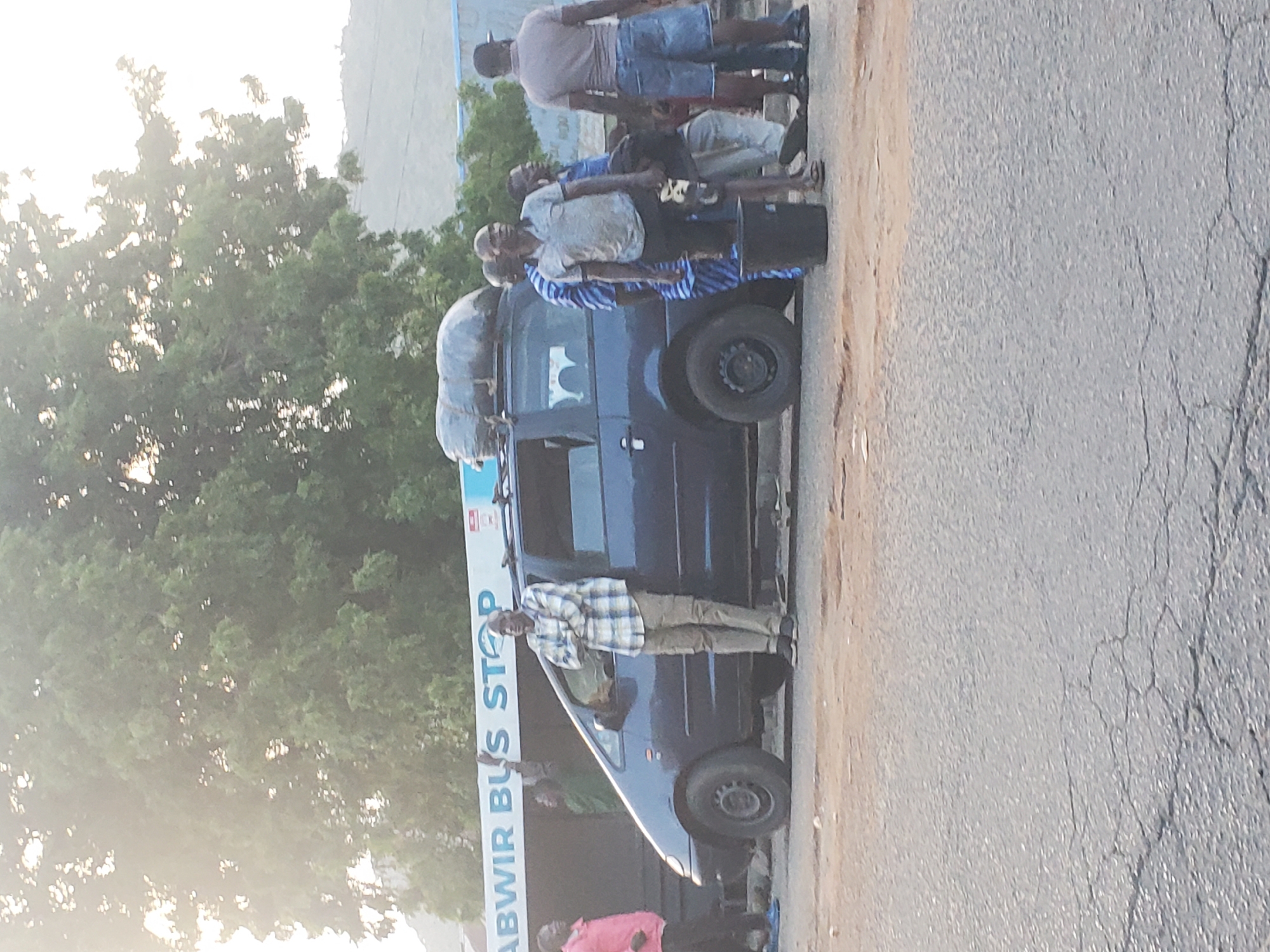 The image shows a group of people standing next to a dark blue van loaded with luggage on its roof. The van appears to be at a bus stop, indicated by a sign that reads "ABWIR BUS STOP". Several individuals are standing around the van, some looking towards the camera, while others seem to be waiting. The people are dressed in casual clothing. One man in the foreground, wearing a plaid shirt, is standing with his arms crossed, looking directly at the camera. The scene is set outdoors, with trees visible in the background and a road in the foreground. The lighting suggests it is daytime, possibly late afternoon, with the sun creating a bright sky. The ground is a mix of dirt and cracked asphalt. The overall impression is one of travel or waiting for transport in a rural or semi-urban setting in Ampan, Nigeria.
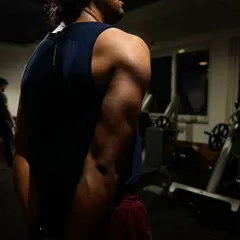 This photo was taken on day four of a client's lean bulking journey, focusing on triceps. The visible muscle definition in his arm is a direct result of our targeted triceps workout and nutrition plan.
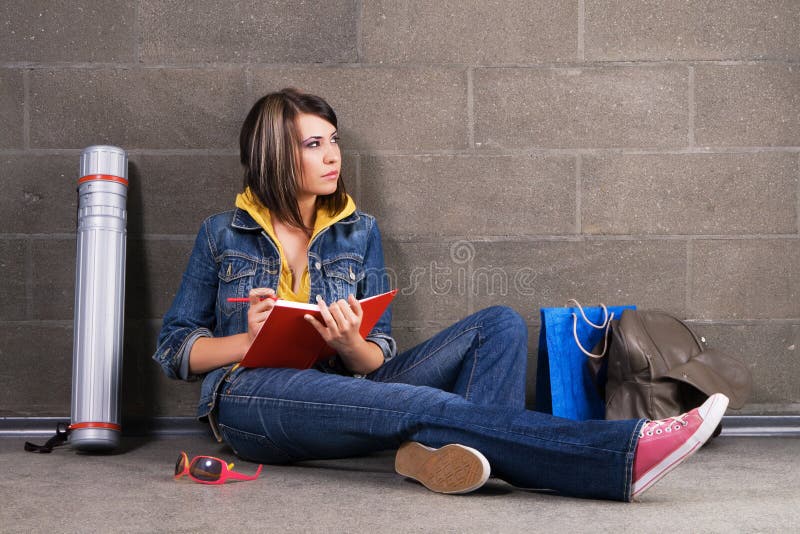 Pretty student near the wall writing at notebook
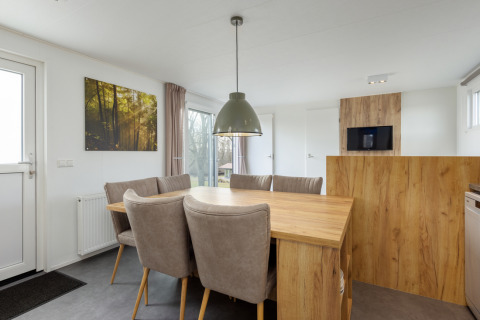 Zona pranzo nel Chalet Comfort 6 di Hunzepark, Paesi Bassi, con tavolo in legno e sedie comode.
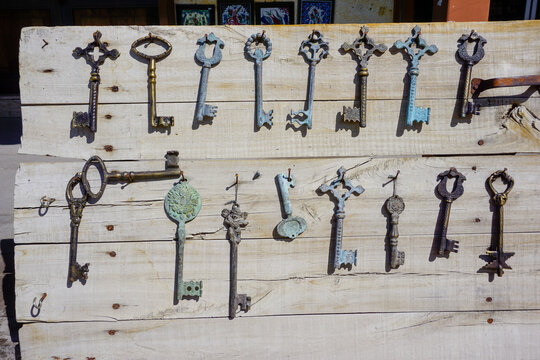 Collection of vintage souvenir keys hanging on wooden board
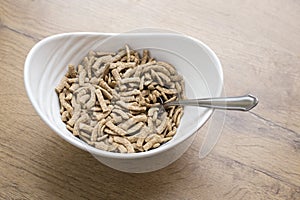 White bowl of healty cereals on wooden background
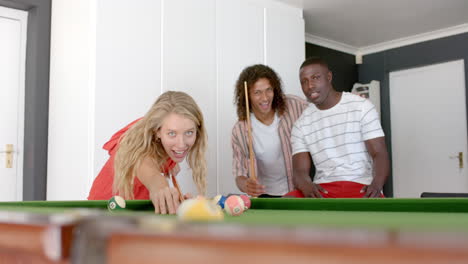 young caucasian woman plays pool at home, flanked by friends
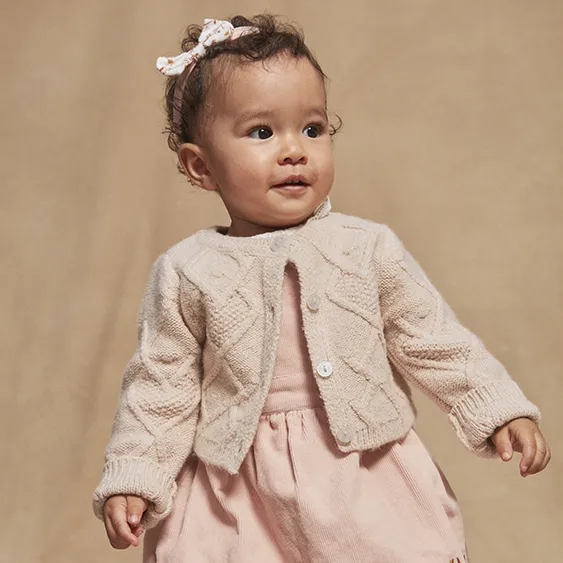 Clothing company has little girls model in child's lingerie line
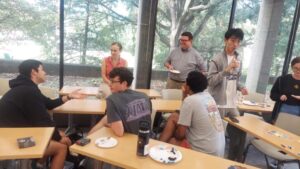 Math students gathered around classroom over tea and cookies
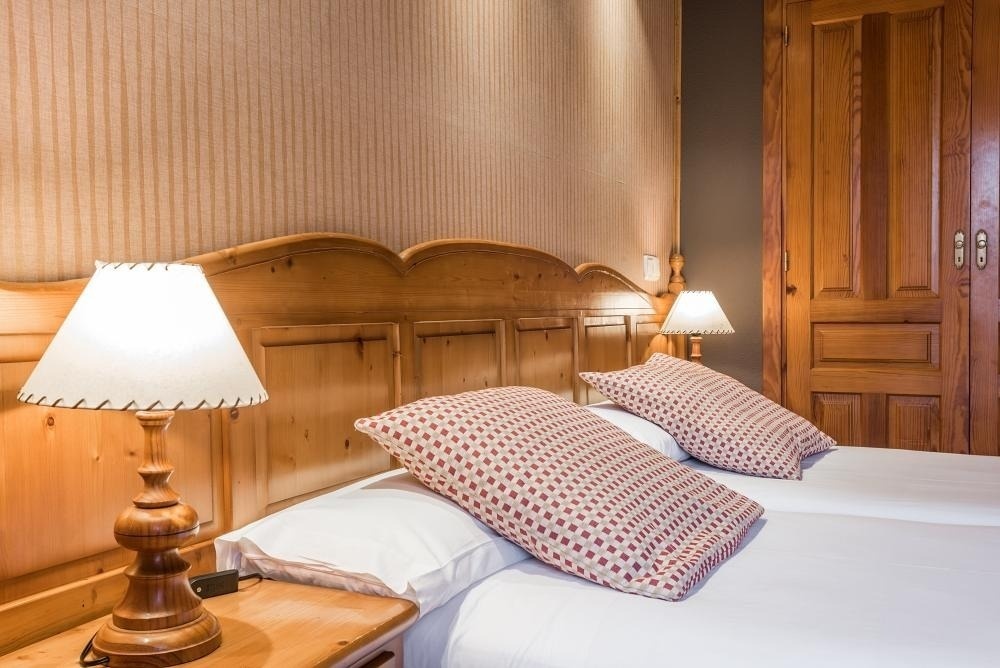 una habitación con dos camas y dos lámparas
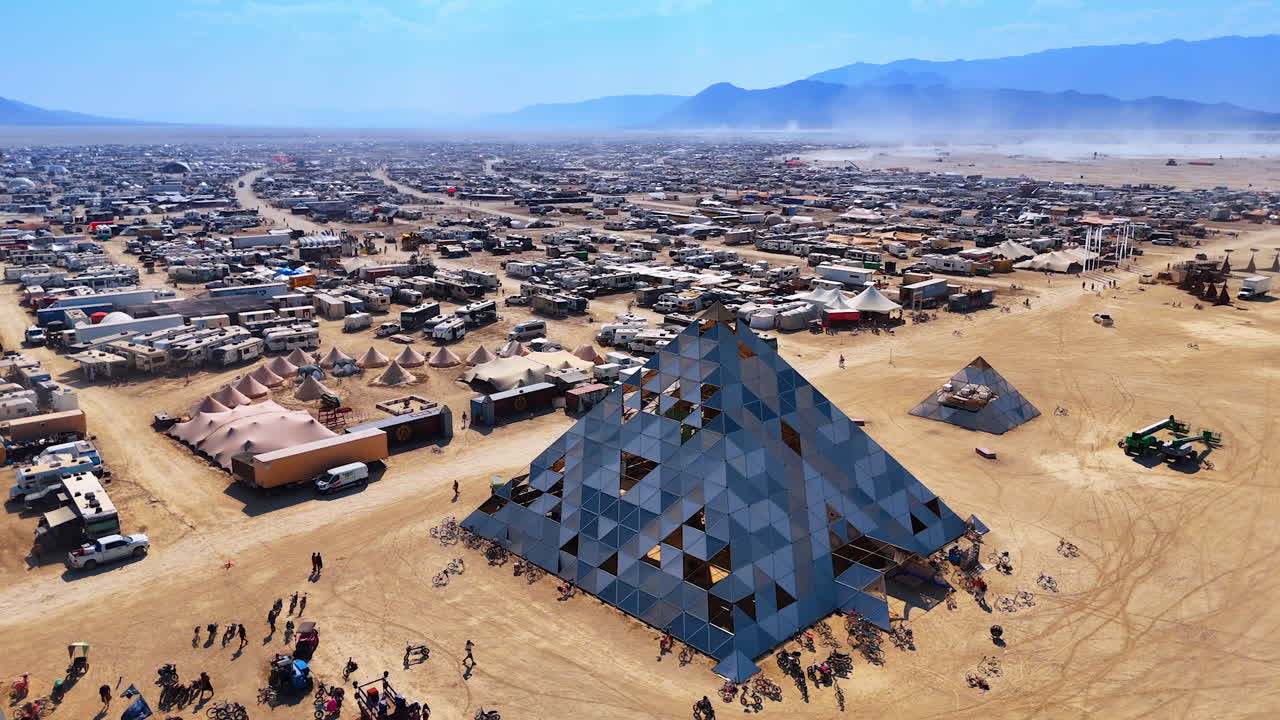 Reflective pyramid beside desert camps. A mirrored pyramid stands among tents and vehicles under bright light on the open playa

----

_Problem to solve_. Drop the images and copy all the data exactly.

_Answer_.
 The image shows a group of people standing next to a dark blue van loaded with luggage on its roof. The van appears to be at a bus stop, indicated by a sign that reads "ABWIR BUS STOP". Several individuals are standing around the van, some looking towards the camera, while others seem to be waiting. The people are dressed in casual clothing. One man in the foreground, wearing a plaid shirt, is standing with his arms crossed, looking directly at the camera. The scene is set outdoors, with trees visible in the background and a road in the foreground. The lighting suggests it is daytime, possibly late afternoon, with the sun creating a bright sky. The ground is a mix of dirt and cracked asphalt. The overall impression is one of travel or waiting for transport in a rural or semi-urban setting in Ampan, Nigeria.
 This photo was taken on day four of a client's lean bulking journey, focusing on triceps. The visible muscle definition in his arm is a direct result of our targeted triceps workout and nutrition plan.
 Pretty student near the wall writing at notebook
 Zona pranzo nel Chalet Comfort 6 di Hunzepark, Paesi Bassi, con tavolo in legno e sedie comode.
 Collection of vintage souvenir keys hanging on wooden board
 White bowl of healty cereals on wooden background
 young caucasian woman plays pool at home, flanked by friends
 Clothing company has little girls model in child's lingerie line
 Math students gathered around classroom over tea and cookies
 una habitación con dos camas y dos lámparas
 Reflective pyramid beside desert camps. A mirrored pyramid stands among tents and vehicles under bright light on the open playa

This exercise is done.